# [Task description]
Would you please reproduce all the entries word for word, minus the pictures?

# [Source data]

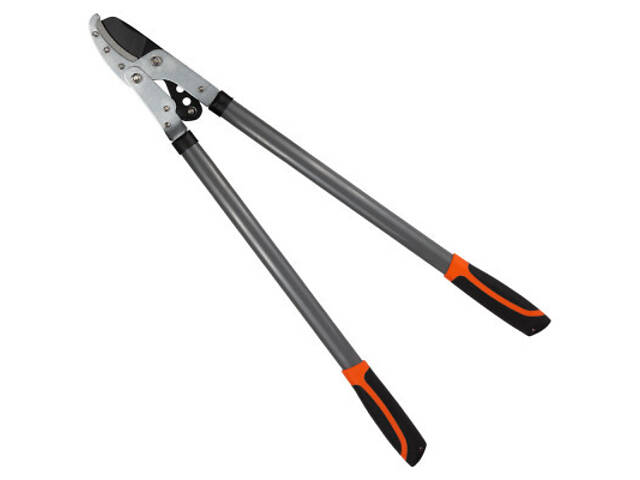 Секатор Flora контактний сталеві рукоятки 762мм (5022654) - Фото 2
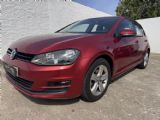VOLKSWAGENGOLF VII 2.0 TDI ADVANCE 150CV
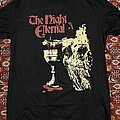 The Night Eternal - TShirt or Longsleeve - The Night Eternal - Chalice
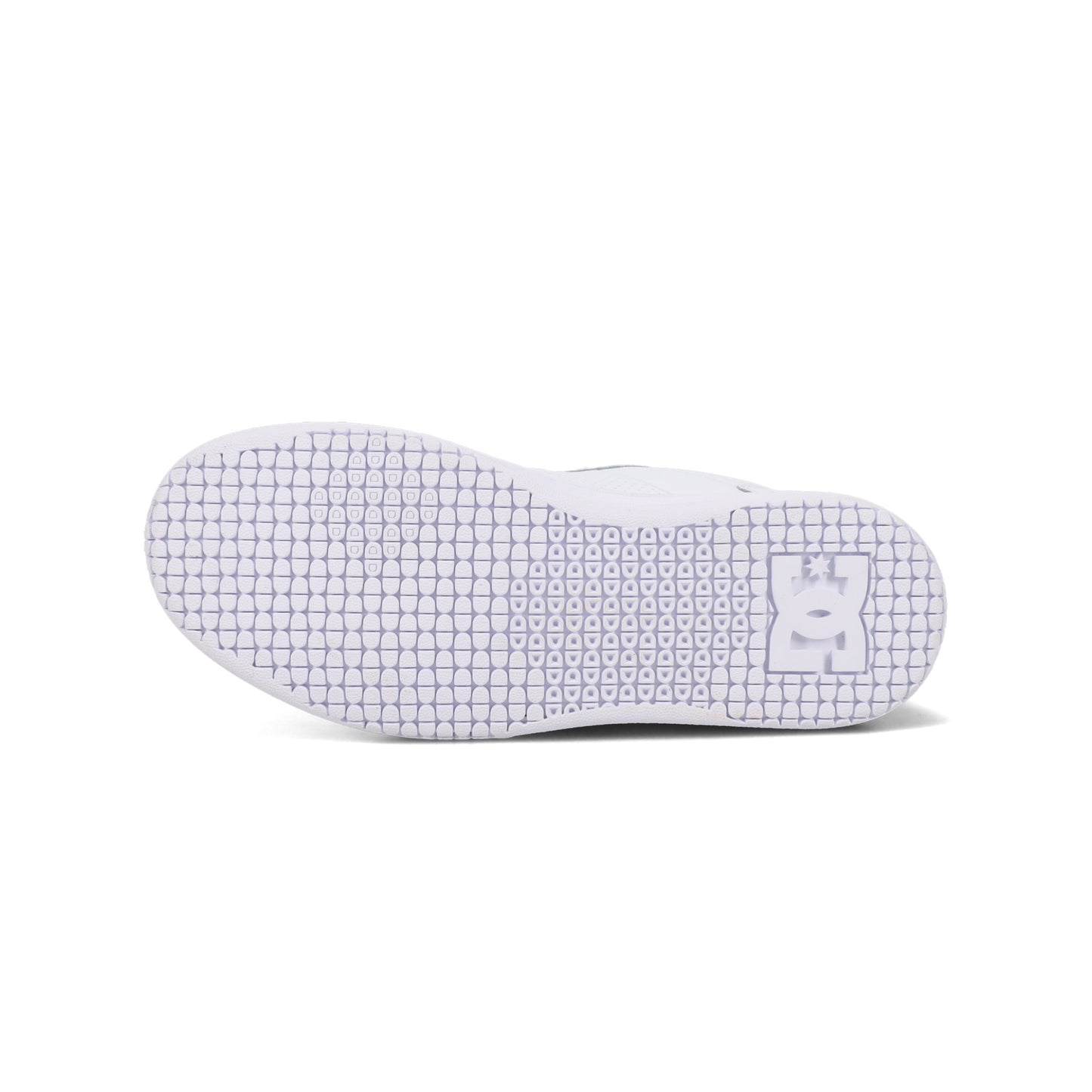 Tenis DC Shoes Mujer Astrix Blanco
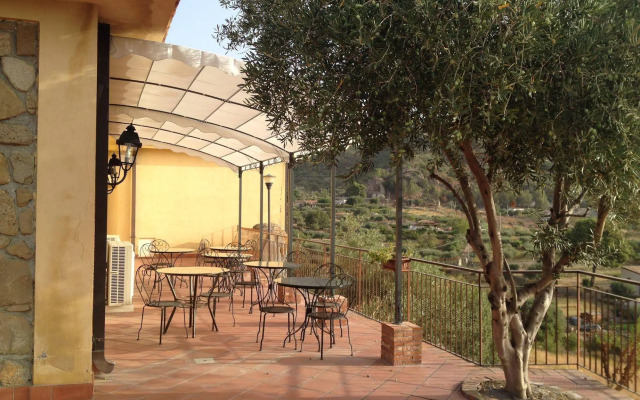 Il Poggio Luxury Country Resort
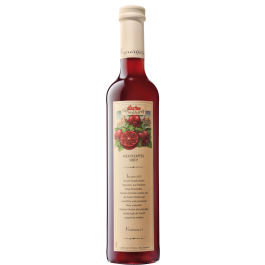 Granatapfel Sirup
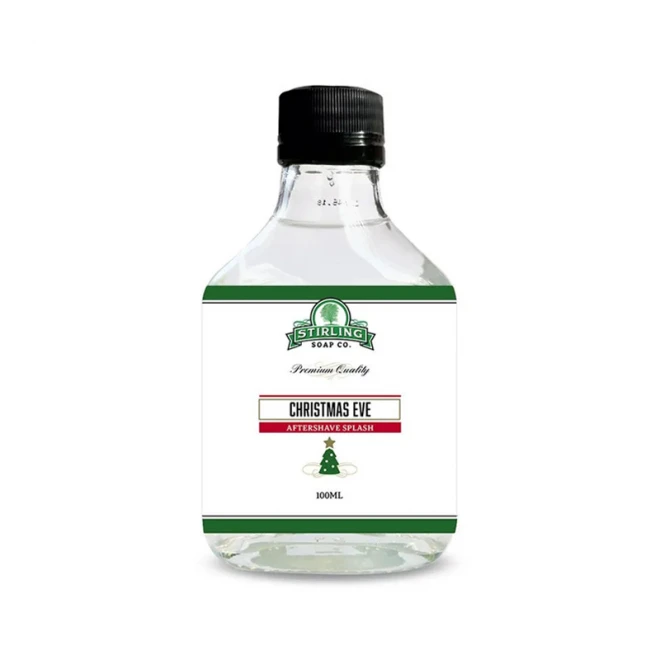 Лосьйон після гоління Stirling After Shave Christmas Eve 100 мл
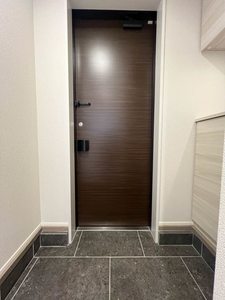 クラウド　ヒル 101号-10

# [Answer]
 Секатор Flora контактний сталеві рукоятки 762мм (5022654) - Фото 2
VOLKSWAGENGOLF VII 2.0 TDI ADVANCE 150CV
 The Night Eternal - TShirt or Longsleeve - The Night Eternal - Chalice
 Tenis DC Shoes Mujer Astrix Blanco
 Il Poggio Luxury Country Resort
 Granatapfel Sirup
 Лосьйон після гоління Stirling After Shave Christmas Eve 100 мл
 クラウド　ヒル 101号-10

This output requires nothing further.